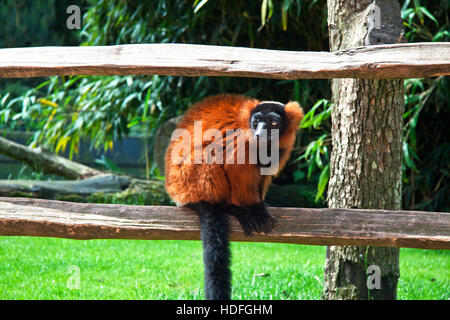 Red vari seduto su una staccionata di legno per uso in background Foto Stock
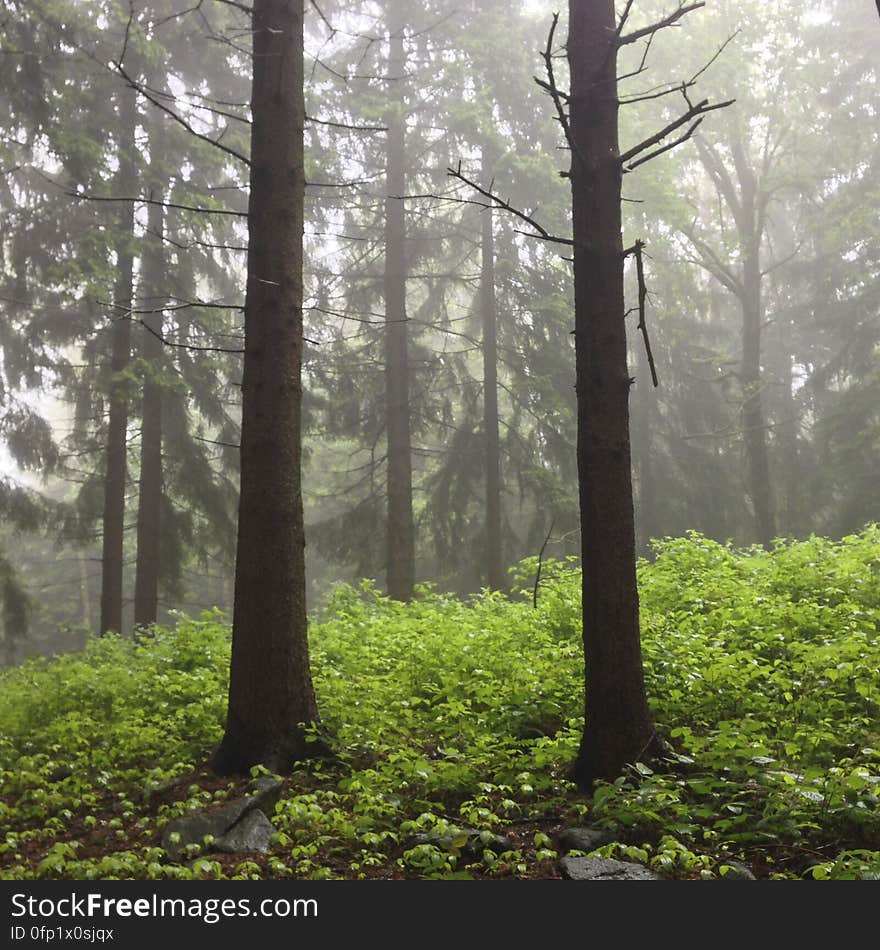 Forest in mist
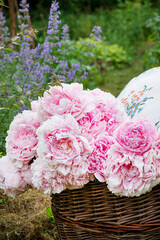 pink peony in the basket
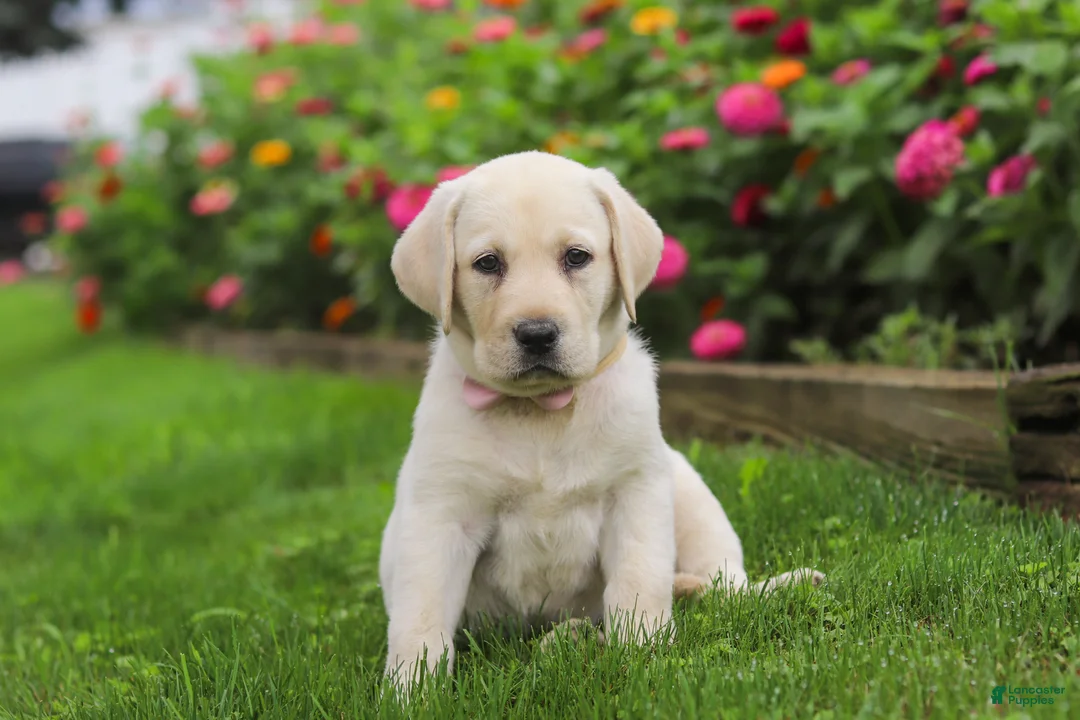 Labrador Retriever dogs for sale: Brittany - Ad 2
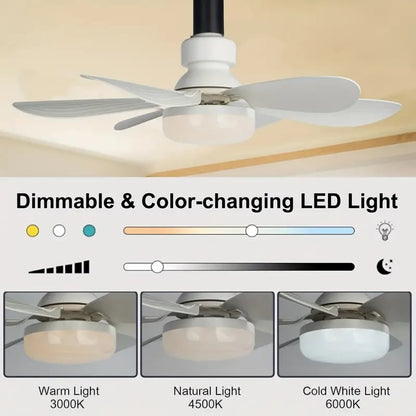 ⚡50K+ SOLD!🍃40W LED Ceiling Fan Light – 20.5” Ultra-Quiet 🎯  | For Bedroom 😴, Kitchen 👩‍🍳 & Garage 🛠️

PROBLEM TO WORK ON |
The whole listing should be retyped word for word; none of its pictures belong in the copy.

ANSWER BOX |
 Red vari seduto su una staccionata di legno per uso in background Foto Stock
 Forest in mist
 pink peony in the basket
 Labrador Retriever dogs for sale: Brittany - Ad 2
 ⚡50K+ SOLD!🍃40W LED Ceiling Fan Light – 20.5” Ultra-Quiet 🎯  | For Bedroom 😴, Kitchen 👩‍🍳 & Garage 🛠️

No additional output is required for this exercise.